Hip-hop acts of the ’90s such as Public Enemy, KRS One, MC Lyte and Sista Souljah utilized their platforms to create socially conscious rhymes. By challenging the status quo, many MCs provided socio-political commentary that garnered widespread attention in the realm of Black nationalism, anti-violence, youth guidance, cultural oppression and political propaganda.

Here are nine songs that went against societal norms and provided a rendering that helped shape and define the hip-hop landscape of the ’90s.
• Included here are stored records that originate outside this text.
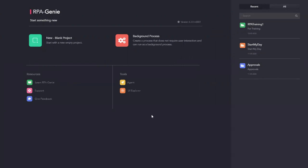Now let us start the RPA Genie agent. You can either start the agent using the desktop shortcut or you can start from the studio. In the studio homepage under the tools, you have the option to start the agent.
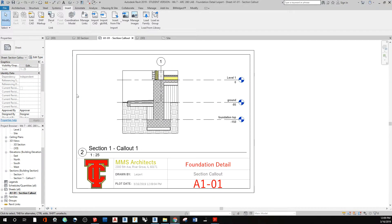In this video, what we're going to do is take a look at how to modify the label on a viewport in Revit.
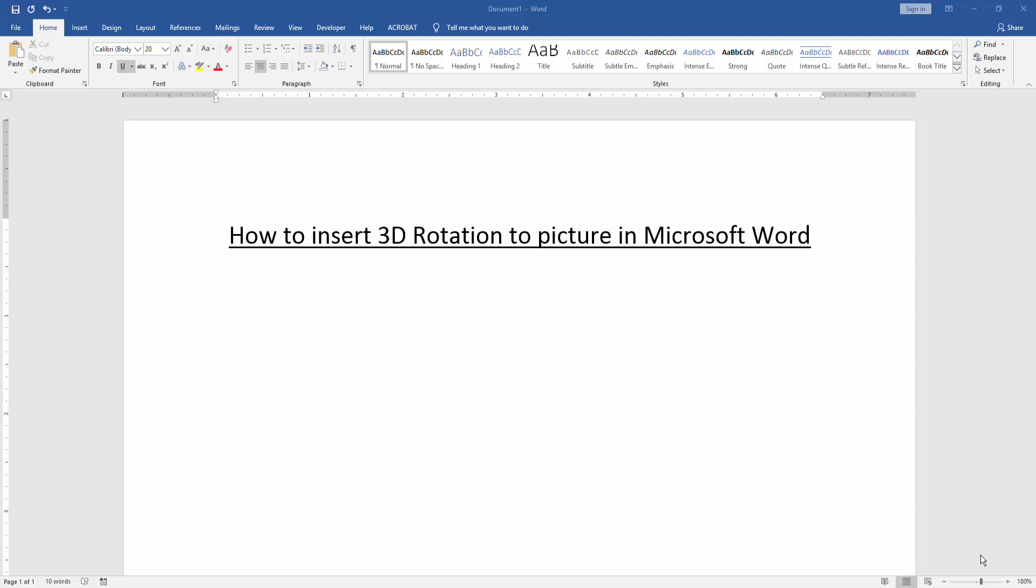Firstly, we have to open a Word document. Then we want to insert 3D rotation to picture. Firstly, we create or insert a picture in this document.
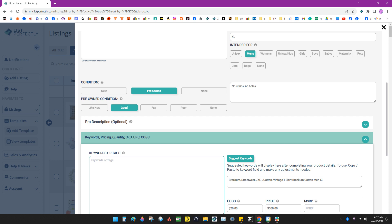So what I'm going to do is I'm going to put vintage t-shirt. They're all Brockham. They're all extra large men's size. They're all cotton.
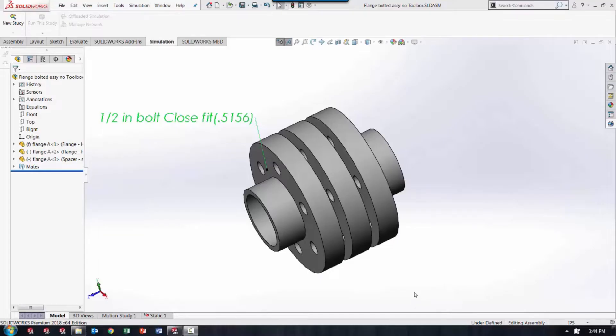Hello, this is Eric with GoEngineer Tech Support. Today we're going to go over how to easily populate bolt connectors in a simulation study when there are multiple holes lined up.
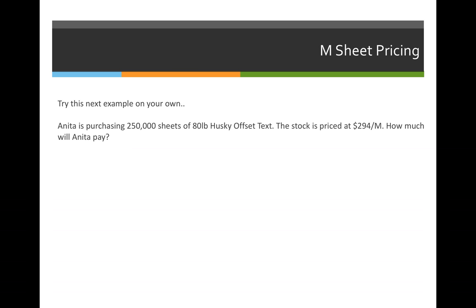I would like you to use the formula for M sheet pricing and try to give this next example a shot on your own. Anita is purchasing 250,000 sheets of 80-pound Husky offset text. The stock is priced at $294 per M. How much will she need to pay for these sheets of paper?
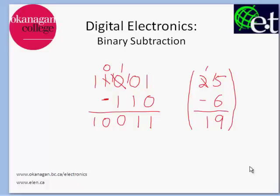Hi, this is David Williams from the Electronic Engineering Technology Department at Okanagan College and today I want to show you some examples on how to do some binary subtraction. Really binary subtraction is no different from regular subtraction except that it's only using a base 2 number system instead of a base 10 number system.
Flavor FLAV and Chuck D and PUBLIC ENEMY

Public Enemy (Photo by David Corio/Redferns)

‘Fight the Power’

Named one of the Rock and Roll Hall of Fame’s 500 songs that shaped rock ‘n’ roll as well as being chosen as one of Time magazine’s all-time 100 songs, Fight the Power was more than a catchphrase. It served as a revolutionary anthem that examined the modern-day political agenda, encouraged freedom of speech and took a bold stance against the abuse of [law enforcement] power. It was also the theme song for director Spike Lee’s classic movie Do the Right Thing.


Queen Latifah

Queen Latifah, “All Hail The Queen” album cover

‘Ladies First’

Known as the feminist hip-hop anthem, Ladies First encompassed a sense of Afrocentric pride. Rappers Queen Latifah and Monie Love not only promoted women’s equality but set an unprecedented example for female empowerment in support of each another.